INTERSPEECH 2004 - ICSLP
In this paper, a new approach is proposed for recognizing speech of mutually unintelligible spoken Chinese regionalects based on a unified three-layer framework and a one-stage searching strategy. This framework includes (1) a unified acoustic model for all the considered regionalects; (2) a multiple pronunciation lexicon constructed by both a rule-based and a data-driven approaches; (3) a one-stage searching network, whose nodes represent the Chinese characters with their multiple pronunciations. Unlike the traditional approaches, the new approach avoids searching the intermediate local optimal syllable sequences or lattices. Instead, by using the Chinese characters as the searching nodes, the new approach can search to find the globally optimal character sequences directly. This paper reports the experiments on two of the Chinese regionalects, i.e., Taiwanese and Mandarin. Results show that the unified framework can efficiently deal with the issues of multiple pronunciations of the spoken Chinese regionalects.

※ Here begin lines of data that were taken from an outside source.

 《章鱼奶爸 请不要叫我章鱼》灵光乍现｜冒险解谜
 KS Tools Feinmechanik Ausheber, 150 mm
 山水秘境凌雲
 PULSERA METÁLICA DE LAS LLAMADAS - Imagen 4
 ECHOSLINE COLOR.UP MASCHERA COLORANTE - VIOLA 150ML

The character error reduction rate is 34.1%, which is achieved by using the new approach compared with the traditional two-stage scheme. Furthermore, the new approach is shown more robust when dealing with the poor uttered speech database.
Bibliographic reference. Lyu, Ren-Yuan / Lyu, Dau-Cheng / Liang, Min-Siong / Wang, Min-Hong / Chiang, Yuang-Chin / Hsu, Chun-Nan (2004): "A unified framework for large vocabulary speech recognition of mutually unintelligible Chinese "regionalects"", In INTERSPEECH-2004, 1001-1004.